Best Approach for LVGL UI: Single Screen with Panels vs. Multiple Screens

Hi everyone,

I’m working on an LVGL-based UI and trying to figure out the best approach for screen design. I have two main options:

  1. One screen with many widgets
  • All UI elements are placed on a single screen.
  • Using panels to organize different sections.
  • Potential performance concerns with rendering too many elements at once.
  1. Multiple screens with fewer widgets per screen
  • UI is split across multiple screens.
  • Each screen contains only the widgets relevant to its section.

Right now, I’ve already built a single screen with multiple panels—for example, one screen with 5 panels, each containing 10 widgets (total: 50 widgets). My question is: would it make any difference in memory or performance if I split this into 5 separate screens with 10 widgets each?

  • Which approach is better for performance and responsiveness, especially on resource-limited MCUs?
  • How does LVGL handle a large number of widgets in terms of memory usage and FPS drop?
  • Do any of create extra pressure on BSS?

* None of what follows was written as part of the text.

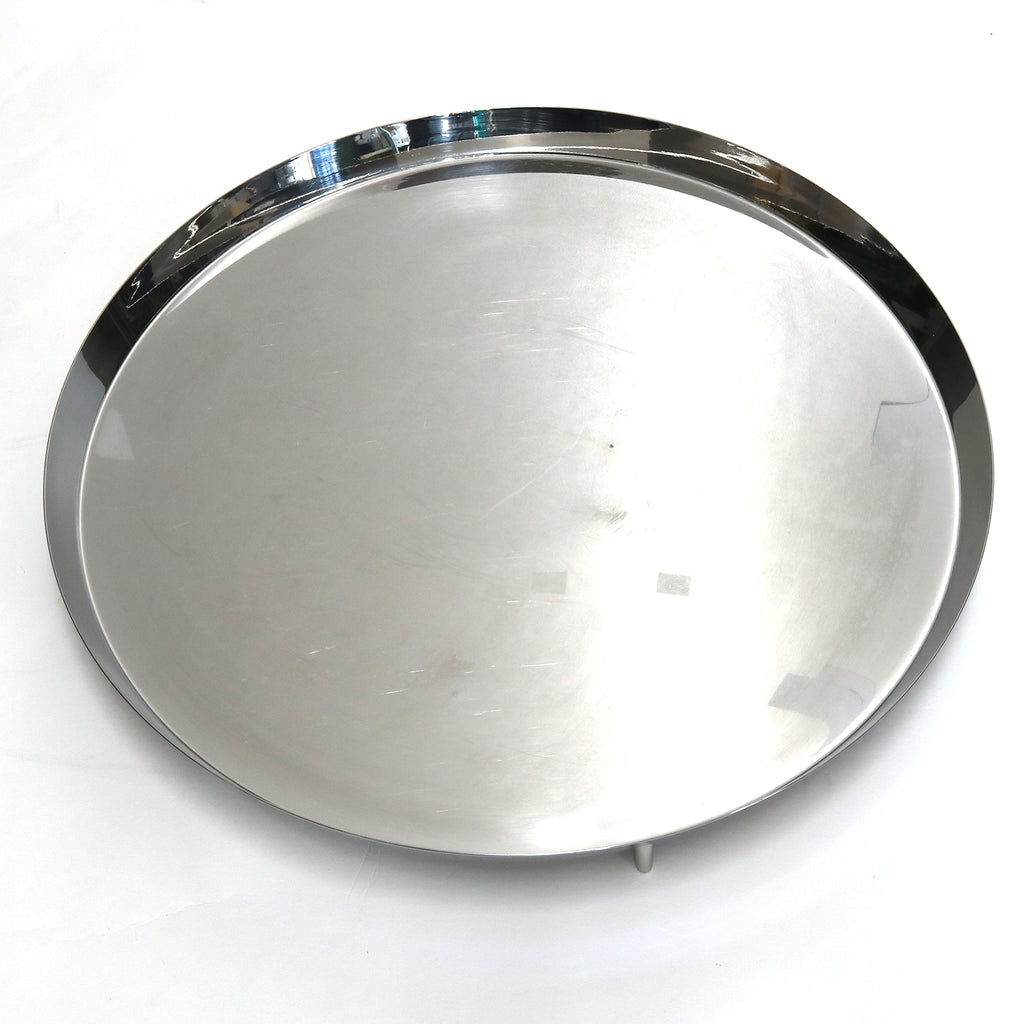 Christopher Dresser Officina Alessi Tablett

Any advice or experiences would be greatly appreciated!:blush:

It can - if you use temporary screens, and the screen-loading and screen-unloading events to populate them as needed, typically you only have up to two screens of widgets loaded at a time(specifically, during a screen transition, the next screen is loaded, then the transition occurs, then the old screen is destroyed).

If you do not use temporary screens, the UI memory usage will be higher.

With everything on one screen, the IO memory usage will be higher too.

How does LVGL handle a large number of widgets in terms of memory usage and FPS drop?

LVLG handles large numbers of widgets surprisingly well. If your display bus is slow, but can do partial updates, I believe LVGL will render and send only the objects that are not hidden, and have changed or were impacted by another widget changing.

That said, screen transitions are often the worst-case, as two screens are loaded, and every drawable widget of each that is viewable on the display will be rendered.

This question would probably be best answered by prototyping as soon as you have your MCU, display, and input device ready.